Give back the whole listing verbatim, printing none of its pictures.
SUPPLIED INFORMATION Block Start
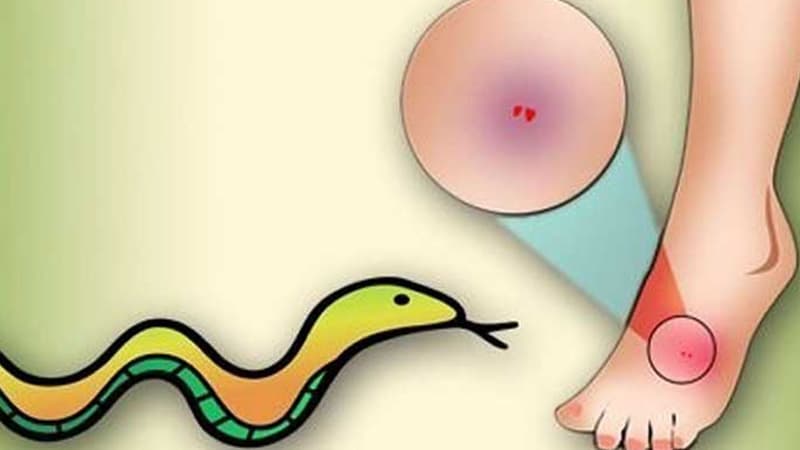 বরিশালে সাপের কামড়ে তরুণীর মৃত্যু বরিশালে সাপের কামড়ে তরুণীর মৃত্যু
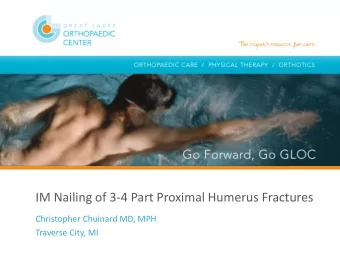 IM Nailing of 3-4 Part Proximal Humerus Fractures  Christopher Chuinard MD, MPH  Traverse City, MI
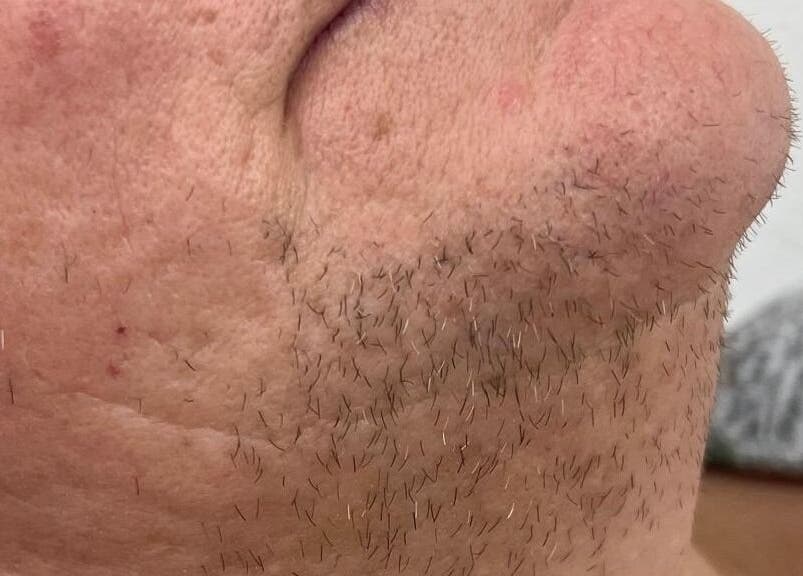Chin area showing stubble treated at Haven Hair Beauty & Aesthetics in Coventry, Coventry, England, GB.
SUPPLIED INFORMATION Block End
[YOUR RESPONSE]
 বরিশালে সাপের কামড়ে তরুণীর মৃত্যু বরিশালে সাপের কামড়ে তরুণীর মৃত্যু
 IM Nailing of 3-4 Part Proximal Humerus Fractures  Christopher Chuinard MD, MPH  Traverse City, MI
Chin area showing stubble treated at Haven Hair Beauty & Aesthetics in Coventry, Coventry, England, GB.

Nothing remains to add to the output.